To do so I tried the options 'unique: true' and 'scope: cluster' in the autodiscovery settings:
config:
metricbeat:
autodiscover:
providers:
- type: kubernetes
node: ${NODE_NAME}
scope: cluster
unique: true
templates:
- condition.equals:
kubernetes.annotations.prometheus.io/scrape: "true"
config:
- module: prometheus
metricsets: ['collector']
enabled: true
period: 30s
hosts: ["${data.kubernetes.pod.ip}:${data.kubernetes.annotations.prometheus.io/port}"]
metrics_path: "${data.kubernetes.annotations.prometheus.io/path}"
use_types: true
rate_counters: false
When this configuration is applied Metricbeat doesn't retrieve Prometheus metrics from pods, I can see in the logs that autodiscovery is enabled but there are no generated events.
I enabled debug logs for kubernetes and autodiscovery
DEBUG [autodiscover] autodiscover/autodiscover.go:94 Configured autodiscover provider: kubernetes
DEBUG [kubernetes] util/kubernetes.go:111 Initializing a new Kubernetes watcher using host: k8s-observability-02-3k4zyczbifig-node-1
INFO [autodiscover] autodiscover/autodiscover.go:117 Starting autodiscover manager
DEBUG [autodiscover] kubernetes/kubernetes.go:351 Starting Leader Elector
7 leaderelection.go:243] attempting to acquire leader lease o11y/metricbeat-cluster-leader...
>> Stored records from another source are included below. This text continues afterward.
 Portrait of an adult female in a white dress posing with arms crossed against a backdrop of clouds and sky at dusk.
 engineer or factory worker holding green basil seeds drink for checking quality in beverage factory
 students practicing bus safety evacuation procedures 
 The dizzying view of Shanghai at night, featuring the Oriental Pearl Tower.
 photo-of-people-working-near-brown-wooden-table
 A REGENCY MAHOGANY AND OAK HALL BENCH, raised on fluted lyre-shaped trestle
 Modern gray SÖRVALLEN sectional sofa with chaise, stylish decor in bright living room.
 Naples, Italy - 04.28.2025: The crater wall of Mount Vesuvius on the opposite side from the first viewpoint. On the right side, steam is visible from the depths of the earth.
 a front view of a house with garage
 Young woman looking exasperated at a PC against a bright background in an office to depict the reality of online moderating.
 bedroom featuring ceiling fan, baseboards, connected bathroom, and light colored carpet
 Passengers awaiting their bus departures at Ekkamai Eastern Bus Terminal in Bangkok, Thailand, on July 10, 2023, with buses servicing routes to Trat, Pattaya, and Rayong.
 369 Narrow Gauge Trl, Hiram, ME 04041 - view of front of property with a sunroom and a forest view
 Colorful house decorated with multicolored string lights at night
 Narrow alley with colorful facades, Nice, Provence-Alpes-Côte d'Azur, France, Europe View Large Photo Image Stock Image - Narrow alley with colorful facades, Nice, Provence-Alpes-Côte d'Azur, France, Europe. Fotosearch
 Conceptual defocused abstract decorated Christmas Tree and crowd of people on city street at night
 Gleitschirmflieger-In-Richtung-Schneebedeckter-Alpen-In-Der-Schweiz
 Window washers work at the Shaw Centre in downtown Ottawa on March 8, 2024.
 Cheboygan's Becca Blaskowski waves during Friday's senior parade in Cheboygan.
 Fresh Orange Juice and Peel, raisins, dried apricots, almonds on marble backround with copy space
7 leaderelection.go:253] successfully acquired lease o11y/metricbeat-cluster-leader
DEBUG [autodiscover] kubernetes/kubernetes.go:295 leader election lock GAINED, id beats-leader-k8s-observability-02-3k4zyczbifig-node-1
DEBUG [autodiscover] k8skeystore/kubernetes_keystore.go:76 Cannot retrieve kubernetes namespace from event: map[id:-1650361960156698536 provider:a5a0072e-78e4-498c-a433-a4563424e39c start:%!s(bool=true) unique:true]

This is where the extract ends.